Why does general_work return large number?

Dear All,

I have built a block that uses single input sample to produce a single
output sample. The weird thing that general_work in gr_block returns a
number around 4095, 4096. any interpretation or solution for this?

Thanks a lot.

Zohair

On Sat, Jun 05, 2010 at 02:23:21PM +0100, Zohair M. Abu Shaban wrote:

Dear All,

I have built a block that uses single input sample to produce a
single output sample. The weird thing that general_work in gr_block
returns a number around 4095, 4096. any interpretation or solution
for this?

First off, why do you think that this is a problem?

You block should be written such that it produces the number of output
items that is requested.

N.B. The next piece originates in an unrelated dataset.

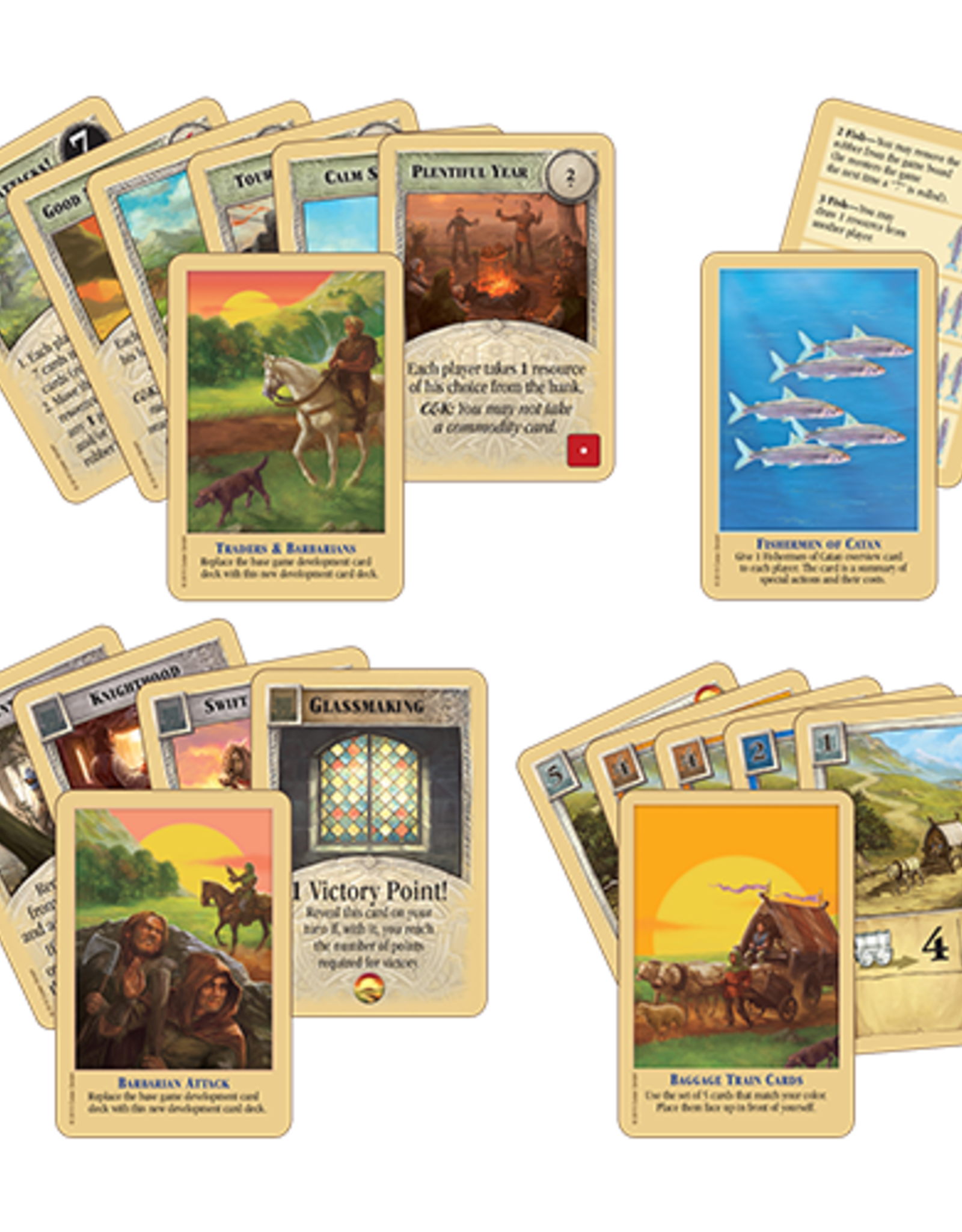 Catan Traders and Barbarians Expansion 2020 Edition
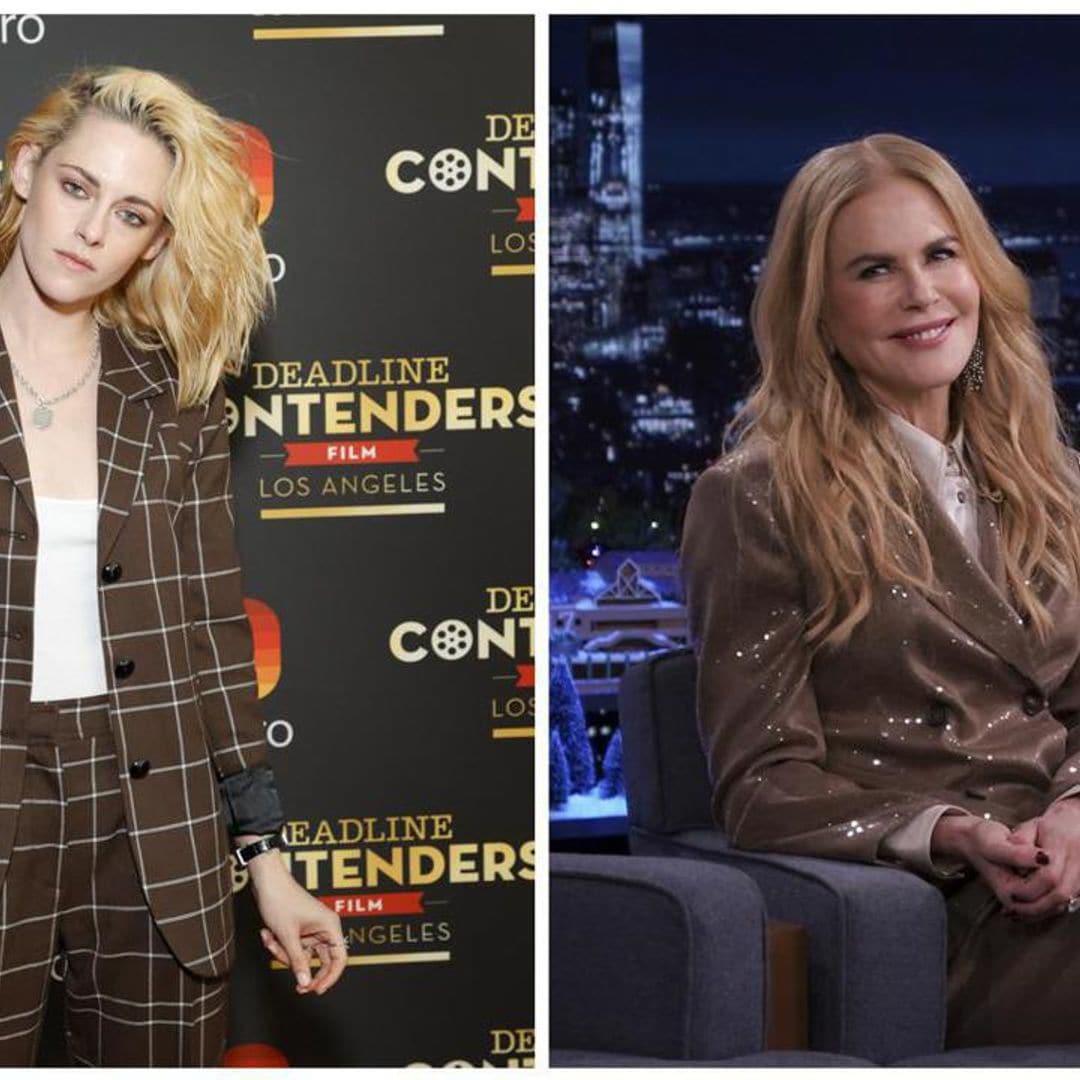 Kristen Stewart talks about the time when Nicole Kidman gave her walkie talkies for Christmas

It sounds like the block is doing that.

There are many 100’s of examples of blocks in the code base.
If you haven’t already, please read:

http://www.gnu.org/software/gnuradio/doc/howto-write-a-block.html

It’s somewhat out of date, but the fundamentals are correct.

Eric

Hi Eric,

I have read what you recommended but still haven’t understood what the
significance of this number is. I have another block that generates a
vector of 4 elements and the noutput_items is almost 1/4 the number of
first block. Any further help please?

Thanks again,

Zohair

On Wed, Jun 09, 2010 at 11:57:24AM +0100, Zohair M. Abu Shaban wrote:

Hi Eric,

I have read what you recommended but still haven’t understood what
the significance of this number is. I have another block that
generates a vector of 4 elements and the noutput_items is almost 1/4
the number of first block. Any further help please?

Thanks again,
Zohair

The numbers are choosen by the GNU Radio runtime system. They may
vary over time and are dependent on the amount of buffer space
allocated by the runtime and the rates of production upstream and
consumption downstream. The values are choosen by a heuristic
designed to optimized throughput.

If your block is properly written, it will respond appropriately to
any value of noutput_items.

I’m not sure that I’ve answered your real question. I suspect that
you may be somewhat unclear about the nature of the streaming data
flow model that’s used in GNU Radio.

Eric

OK Eric. from what you’ve said I can understand that we cannot control
noutput_items. All what we can do is return it from general_work(). It’s
solely for coordination issues and the runtime system takes control over
it.

Thanks.

Zoh

Eric B. wrote:

Thanks again,


View this message in context:
http://old.nabble.com/Why-does-general_work-return-large-number--tp28789377p28841275.html
Sent from the GnuRadio mailing list archive at Nabble.com.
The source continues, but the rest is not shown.